Type out the lines below exactly, pictures excluded.

Dataset excerpt.
::::
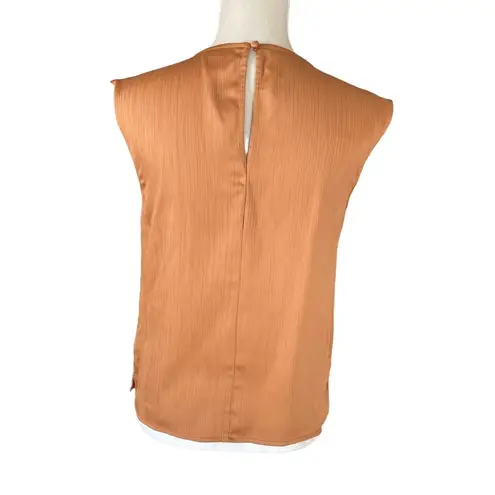 Nine West  Women’s Twist Neckline Top Blouse Size XS Satin Sleeveless Versatile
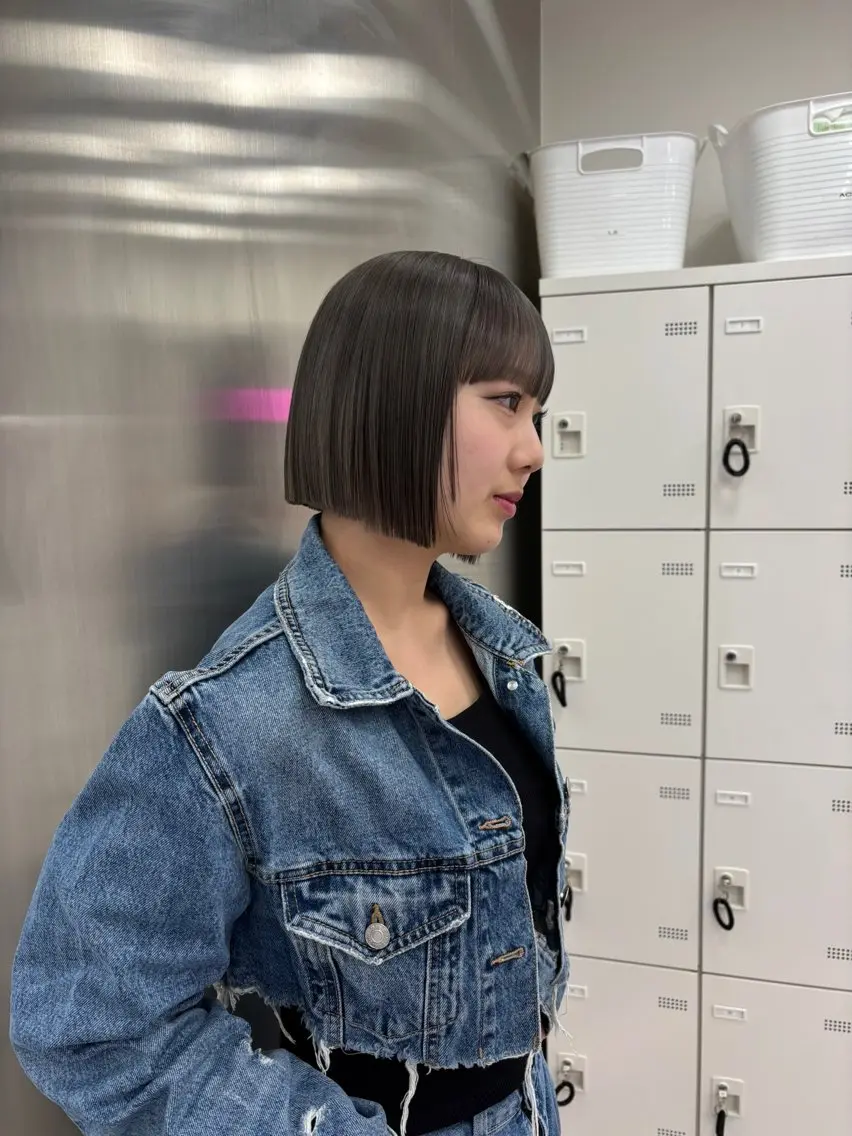 ショート カラー 抜け感レイヤー︴ ニュアンスカラーのヘアスタイル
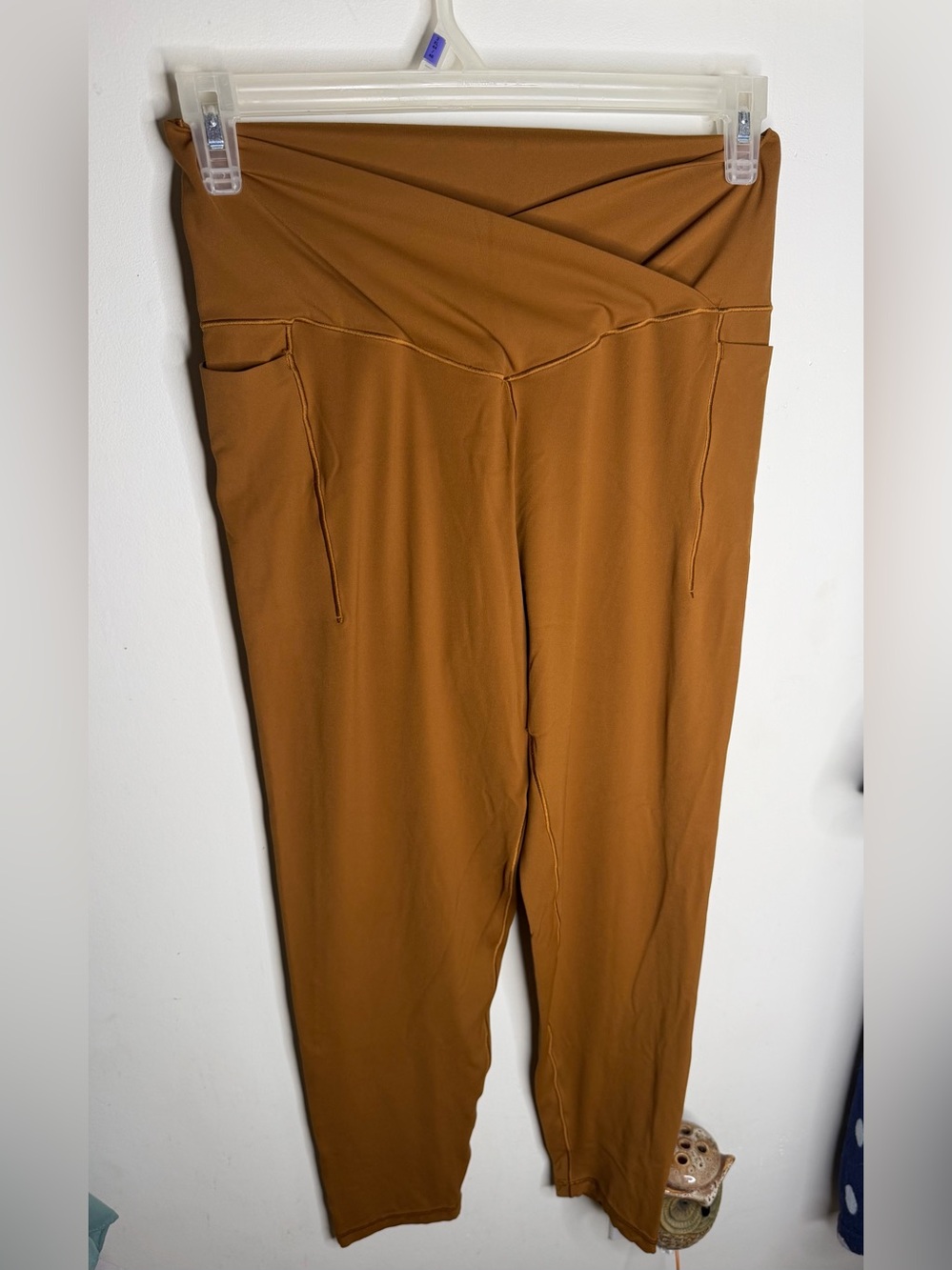 Offline by aerie High-Waist Cross-Front Leggings in Camel Brown - Picture 2 of 5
::::
Written reply.
 Nine West  Women’s Twist Neckline Top Blouse Size XS Satin Sleeveless Versatile
 ショート カラー 抜け感レイヤー︴ ニュアンスカラーのヘアスタイル
 Offline by aerie High-Waist Cross-Front Leggings in Camel Brown - Picture 2 of 5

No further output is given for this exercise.